Sul punto, la Corte d’appello, ribaltando le conclusioni del Tribunale di primo grado, evidenzia il “forte impatto” della nuova azione di classe sull’ordinamento “sul piano della <<tenuta>> di consolidati principi di diritto processuale a partire dagli istituti della legittimazione processuale e dei limiti soggettivi e oggettivi di giudicato”, attribuendo infatti legittimazione attiva, per la tutela dei “diritti individuali omogenei di consumatori e degli utenti di cui al comma 2 … anche attraverso l’azione di classe” a “ciascun componente della classe, anche mediante associazioni cui dà mandato o comitati cui partecipa” (art. 140bis, primo comma d.lg. 6 settembre 2005, n. 206).
Secondo la Corte d’appello, appare allora evidente come, con riferimento a tale azione, il rapporto tra rappresentato ed ente rappresentante non possa essere ricondotto al regime di cui all’articolo 77 c.p.c., relativo alla rappresentanza del procuratore e dell’institore, il quale presuppone appunto la coesistenza di un potere di rappresentanza sostanziale al fine del conferimento (al medesimo soggetto di esso investito) del potere di rappresentanza processuale.
Evidenziando la specialità di tutela perseguita con tale azione, infatti, la Corte d’appello ritiene che il rapporto fra componente della classe ed associazione investa il piano della rappresentanza processuale mera in quanto assimilabili alla procura alle liti sotto il profilo dell’ausilio tecnico della gestione delle liti di massa, senza alcuna interferenza sulla titolarità, né sulla disponibilità del rapporto sostanziale dedotto con l’azione risarcitoria.

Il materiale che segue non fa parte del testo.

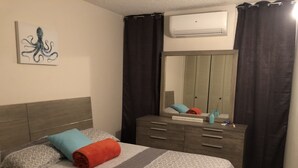 Quarto com cama, cômoda, espelho e ar condicionado.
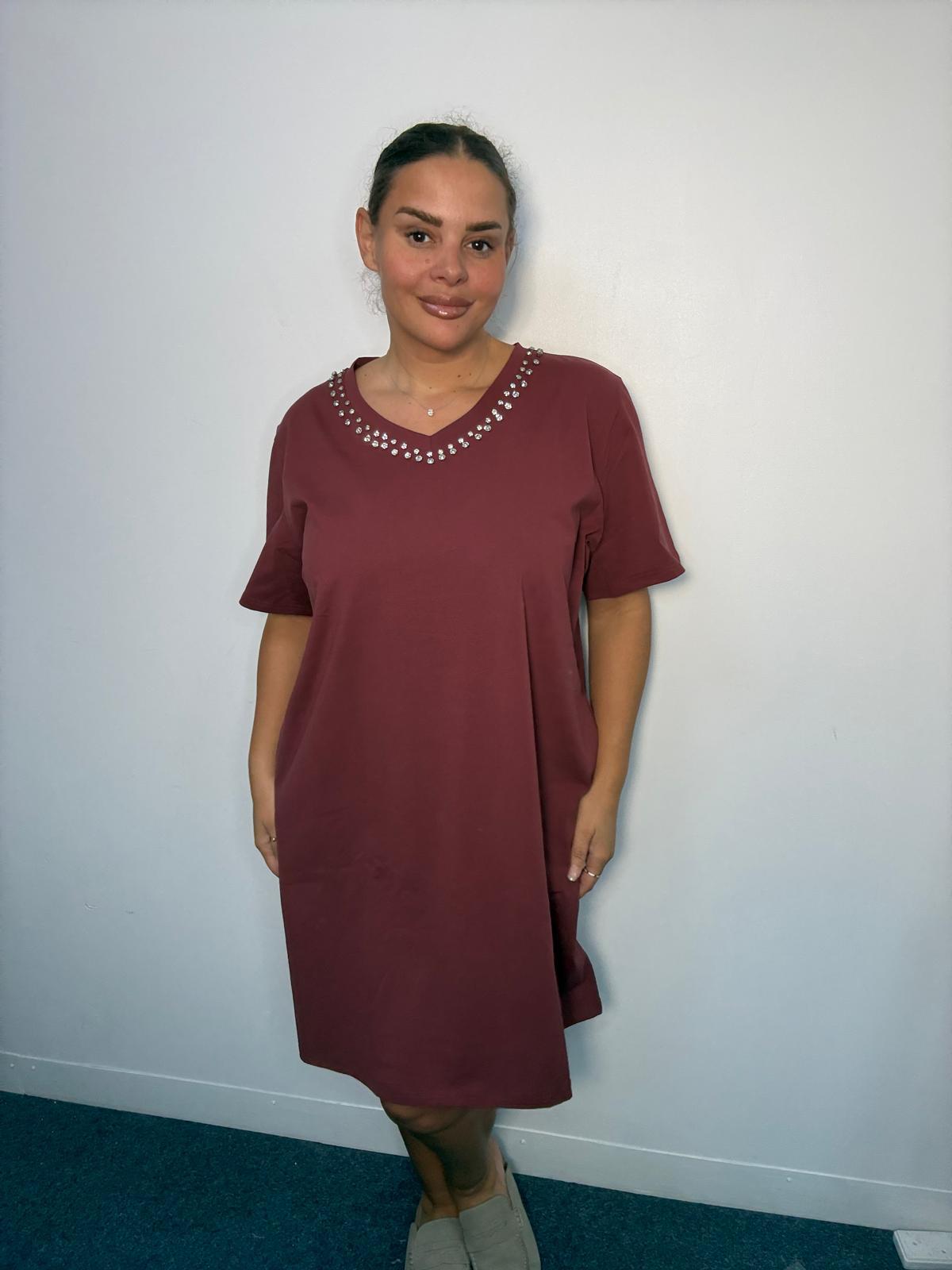 Plus-size model wearing a burgundy V-neck midi dress with sparkling neckline embellishments, short sleeves and relaxed fit.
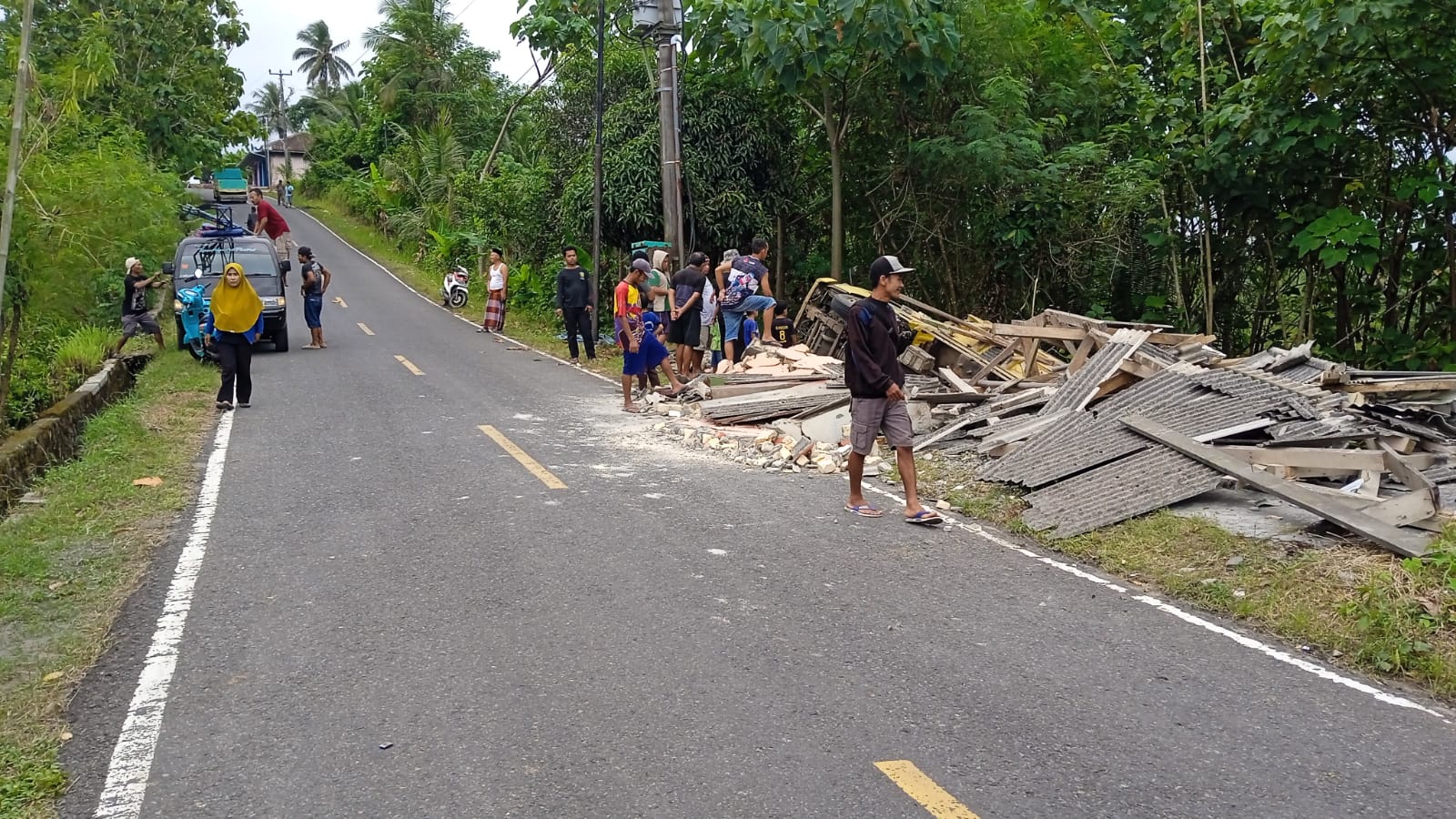 LAKALANTAS : Kondisi dump truk terguling dan menimpa rumah kosong milik warga di tanjakan puncak batu, Tegalbuleud Kabupaten Sukabumi.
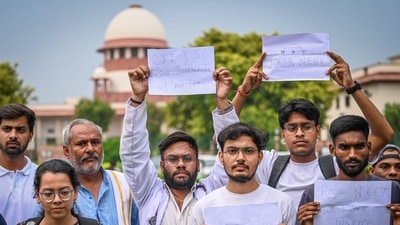 NEET aspirants assembles on the Supreme court of India premises during a hearing on NEET paper leak case in New Delhi. (Sanchit Khanna/HT) NEET aspirants assembles on the Supreme court of India premises during a hearing on NEET paper leak case in New Delhi. (Sanchit Khanna/HT)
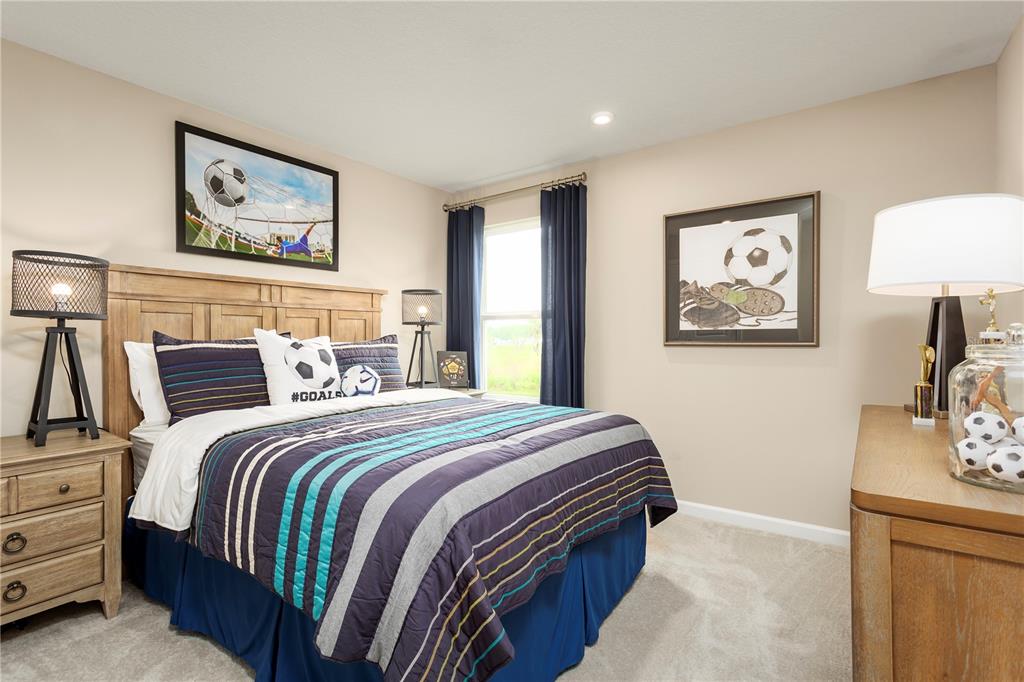 2294 Scenic Pk Loop Wimauma, FL 33598 - Photo 12 of 15 a bedroom with bed and painting on the wall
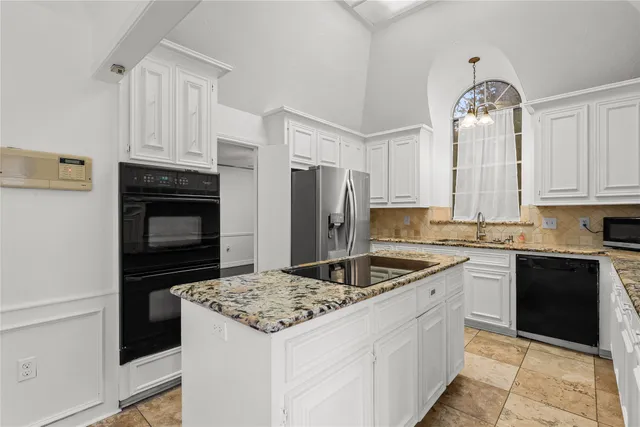 a kitchen with a sink stove and refrigerator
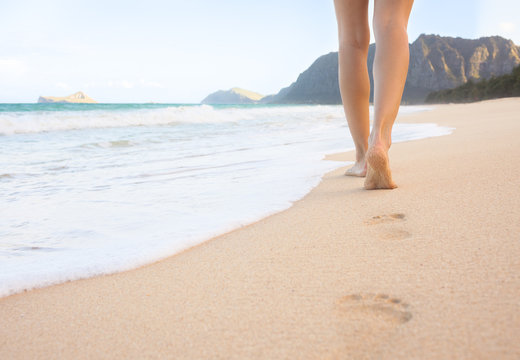 Woman walking on the beach in beautiful Hawaii. 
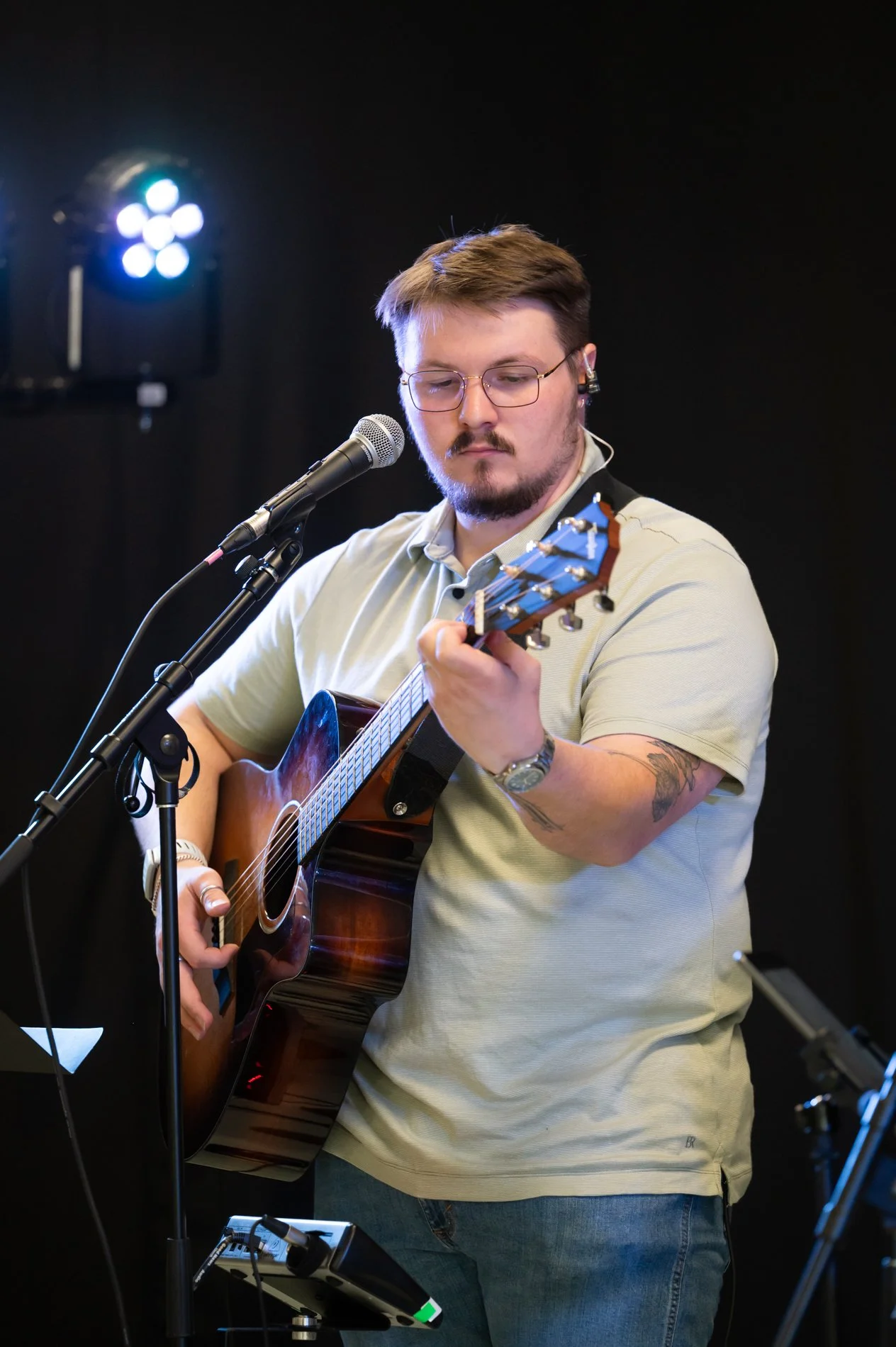 A man with glasses and tattoos on his left arm is playing an acoustic guitar and singing into a microphone. He is standing in a dark room with stage lighting in the background.
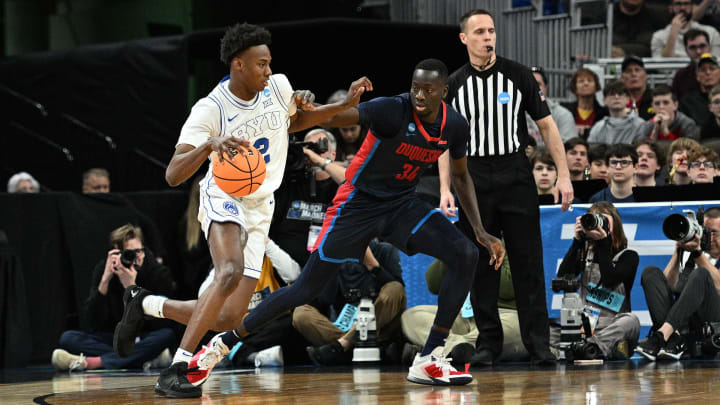 Mar 21, 2024; Omaha, NE, USA; Brigham Young Cougars guard Jaxson Robinson (2) drives against Duquesne Dukes forward Fousseyni Drame (34) in the first half during the first round of the NCAA Tournament at CHI Health Center Omaha. Mandatory Credit: Steven Branscombe-USA TODAY Sports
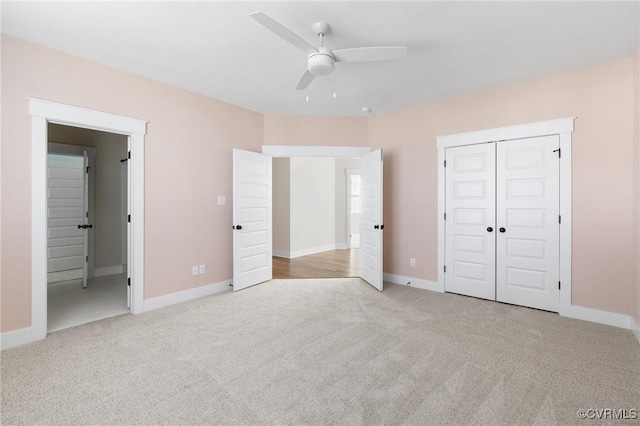 unfurnished bedroom with baseboards, a closet, and carpet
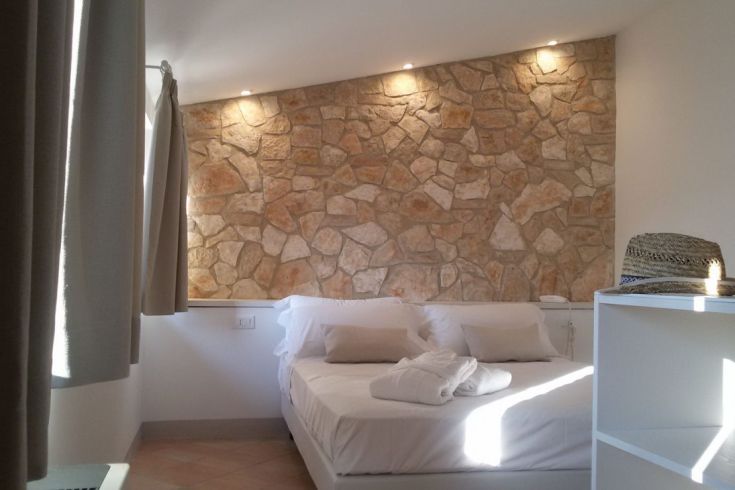 Innenraum eines Zimmers mit Steinwänden, einem weißen Bett und sanfter, zarter Beleuchtung.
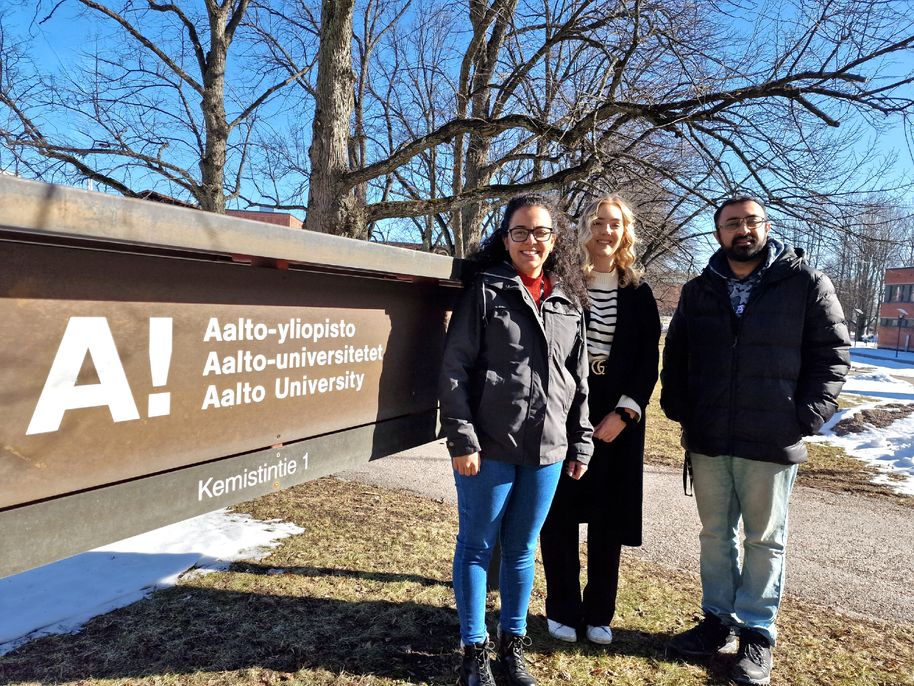 Colour photo of three smiling people standing outside under trees next to a sign that reads Aalto University, Kemistintie 1. There is snow on the ground and it is sunny.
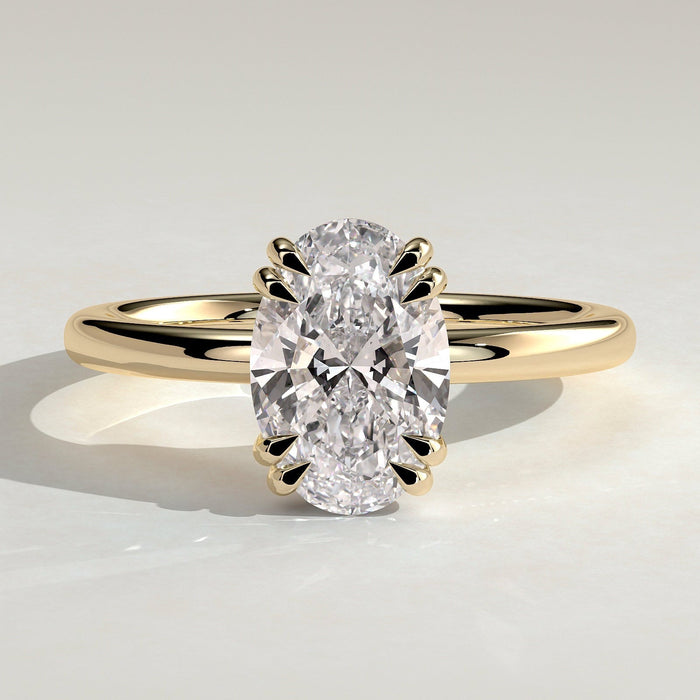 Oval cut moissanite double claw solitaire engagement ring on a knife edge yellow gold band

In secondo luogo si evidenzia l’eccezione della banca relativa alla presenza di un conflitto di interessi fra appartenenti alla stessa classe, in particolare fra correntisti affidati i correntisti non affidati, per avere i primi ottenuto benefici del nuovo regime di commissione di massimo scoperto. A detta della banca, i primi sarebbero stati portatori di una situazione non generalizzabile (e pertanto non omogenea di diritti), per loro gestione del conto corrente in perdurante situazione di scopertura, a preferenza di una sua regolarizzazione, mediante formale apertura di credito.
La Corte d’appello respinge anche tale eccezione evidenziando come la condizione di conflitto di interessi presupponga, per la sua ricorrenza, un’effettiva divaricazione di situazioni giuridiche positivamente tutelabili, tra loro contrastanti in relazione ad un comune interesse, così da dover essere apprezzato in concreto.